* [REQUIRED WORK]
Every line below from the one with "Neo+Waru-Sidoarjo By Aston" through the one with "Used 2025 Toyota Camry SE image 24" should be retyped exactly, both ends included; no other lines and no pictures.

* [DATA IN THIS EXERCISE]
*** Begin section ***

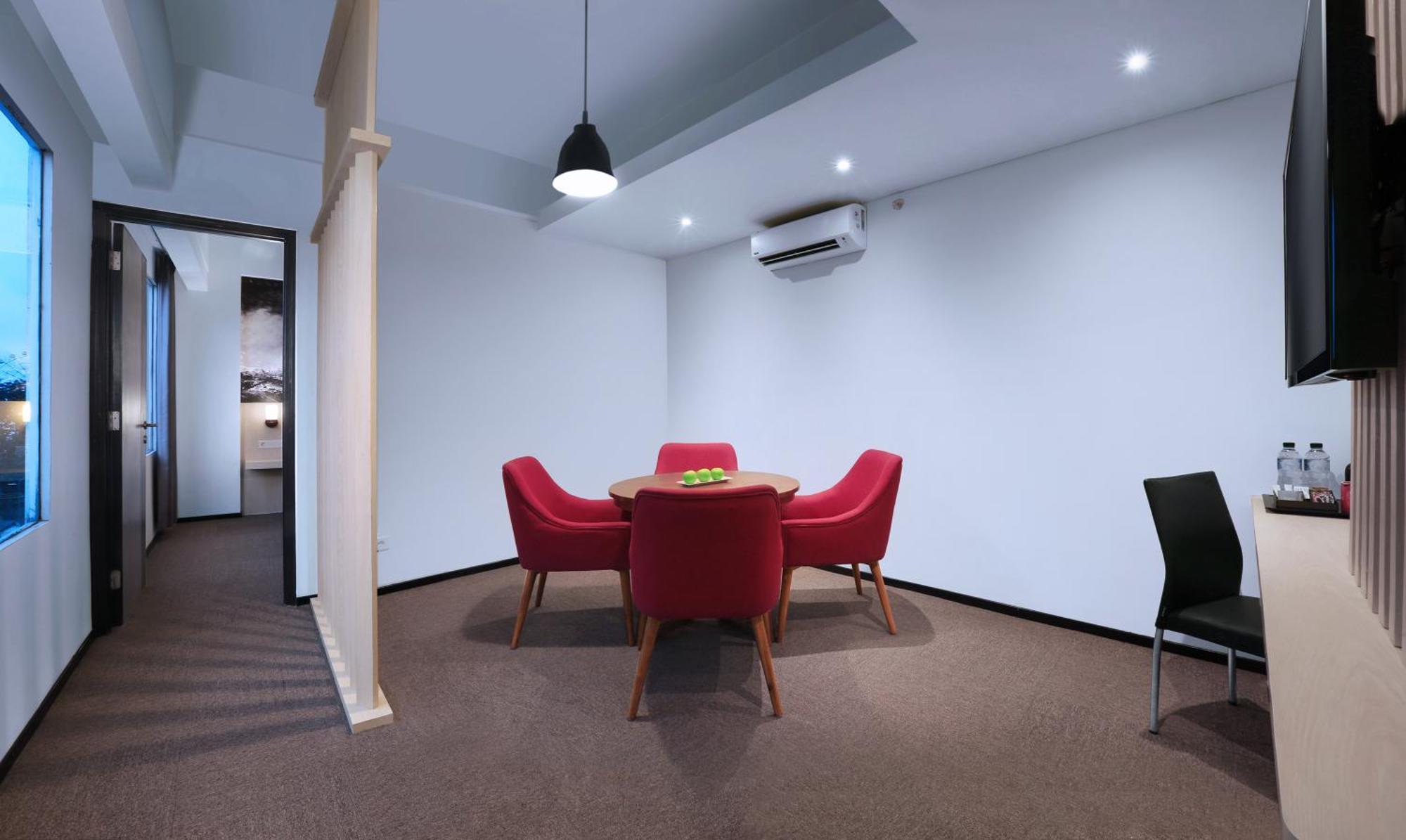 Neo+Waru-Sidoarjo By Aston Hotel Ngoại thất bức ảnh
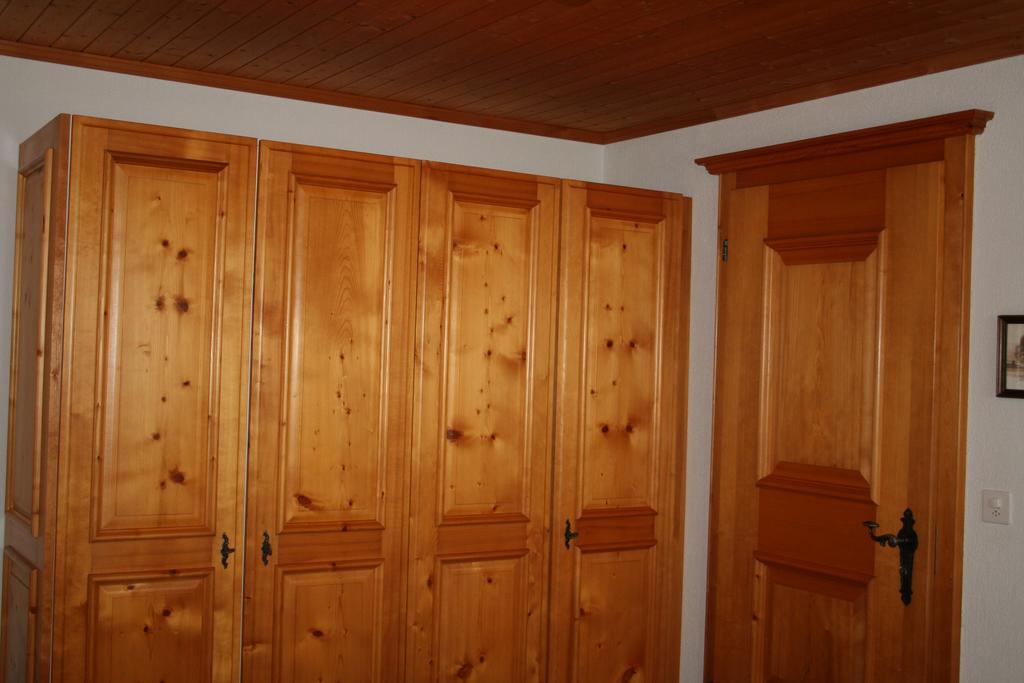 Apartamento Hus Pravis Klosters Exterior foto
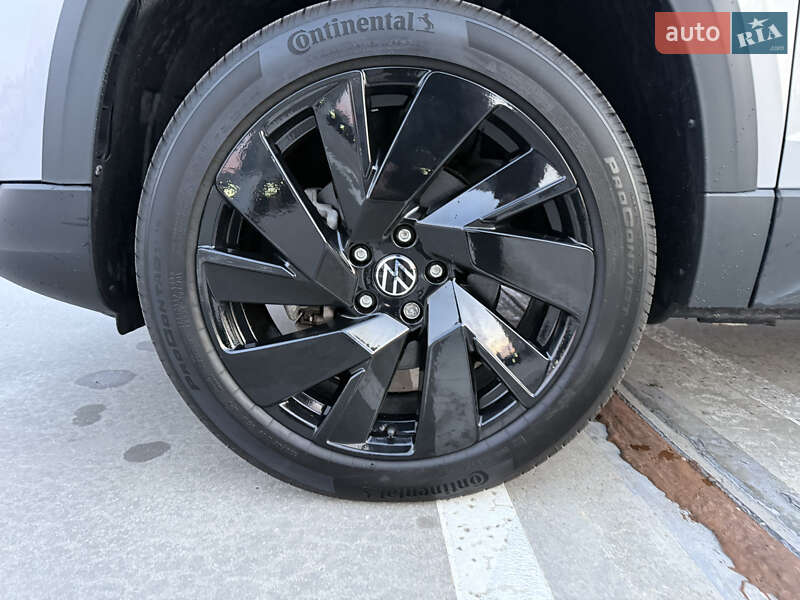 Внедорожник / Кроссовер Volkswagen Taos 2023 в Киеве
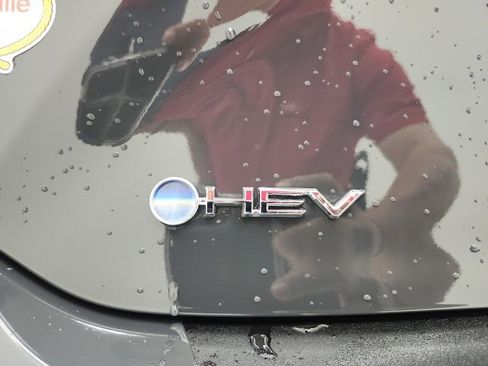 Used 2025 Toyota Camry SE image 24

*** End section ***
*** Begin section ***

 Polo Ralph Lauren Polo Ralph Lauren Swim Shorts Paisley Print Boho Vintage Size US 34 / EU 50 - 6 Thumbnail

*** End section ***

* [SOLUTION]
 Neo+Waru-Sidoarjo By Aston Hotel Ngoại thất bức ảnh
 Apartamento Hus Pravis Klosters Exterior foto
 Внедорожник / Кроссовер Volkswagen Taos 2023 в Киеве
 Used 2025 Toyota Camry SE image 24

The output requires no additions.